Activity> Your output must consist solely of the lines from the one containing "Set Of 9 Celebration" through the end of the records, reproduced exactly.
--- Task inputs Enclosed Below ---
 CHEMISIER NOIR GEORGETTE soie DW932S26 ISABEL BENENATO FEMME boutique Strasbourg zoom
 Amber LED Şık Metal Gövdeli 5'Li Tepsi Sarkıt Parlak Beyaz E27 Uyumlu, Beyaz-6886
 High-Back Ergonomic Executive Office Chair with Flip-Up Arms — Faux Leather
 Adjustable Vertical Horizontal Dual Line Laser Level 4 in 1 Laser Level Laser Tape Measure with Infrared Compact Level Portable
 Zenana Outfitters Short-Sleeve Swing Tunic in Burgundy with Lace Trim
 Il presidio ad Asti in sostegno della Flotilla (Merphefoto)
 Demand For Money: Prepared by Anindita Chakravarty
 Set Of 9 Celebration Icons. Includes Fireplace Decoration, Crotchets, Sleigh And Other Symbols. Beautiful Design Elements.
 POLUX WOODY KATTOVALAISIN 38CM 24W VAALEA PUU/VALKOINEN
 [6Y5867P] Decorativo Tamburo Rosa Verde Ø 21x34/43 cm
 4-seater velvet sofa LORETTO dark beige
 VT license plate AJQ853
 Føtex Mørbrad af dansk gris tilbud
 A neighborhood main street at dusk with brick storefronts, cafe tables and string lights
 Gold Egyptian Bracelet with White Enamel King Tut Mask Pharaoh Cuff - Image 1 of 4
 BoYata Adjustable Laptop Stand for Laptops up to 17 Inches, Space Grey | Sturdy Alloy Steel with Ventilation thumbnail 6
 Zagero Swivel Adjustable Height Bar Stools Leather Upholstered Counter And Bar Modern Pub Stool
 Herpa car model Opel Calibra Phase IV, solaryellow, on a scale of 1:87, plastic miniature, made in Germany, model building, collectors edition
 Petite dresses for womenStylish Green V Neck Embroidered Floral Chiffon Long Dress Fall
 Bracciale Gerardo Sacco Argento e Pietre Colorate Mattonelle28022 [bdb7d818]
--- End of Enclosed Task inputs ---
Exercise response>
 Set Of 9 Celebration Icons. Includes Fireplace Decoration, Crotchets, Sleigh And Other Symbols. Beautiful Design Elements.
 POLUX WOODY KATTOVALAISIN 38CM 24W VAALEA PUU/VALKOINEN
 [6Y5867P] Decorativo Tamburo Rosa Verde Ø 21x34/43 cm
 4-seater velvet sofa LORETTO dark beige
 VT license plate AJQ853
 Føtex Mørbrad af dansk gris tilbud
 A neighborhood main street at dusk with brick storefronts, cafe tables and string lights
 Gold Egyptian Bracelet with White Enamel King Tut Mask Pharaoh Cuff - Image 1 of 4
 BoYata Adjustable Laptop Stand for Laptops up to 17 Inches, Space Grey | Sturdy Alloy Steel with Ventilation thumbnail 6
 Zagero Swivel Adjustable Height Bar Stools Leather Upholstered Counter And Bar Modern Pub Stool
 Herpa car model Opel Calibra Phase IV, solaryellow, on a scale of 1:87, plastic miniature, made in Germany, model building, collectors edition
 Petite dresses for womenStylish Green V Neck Embroidered Floral Chiffon Long Dress Fall
 Bracciale Gerardo Sacco Argento e Pietre Colorate Mattonelle28022 [bdb7d818]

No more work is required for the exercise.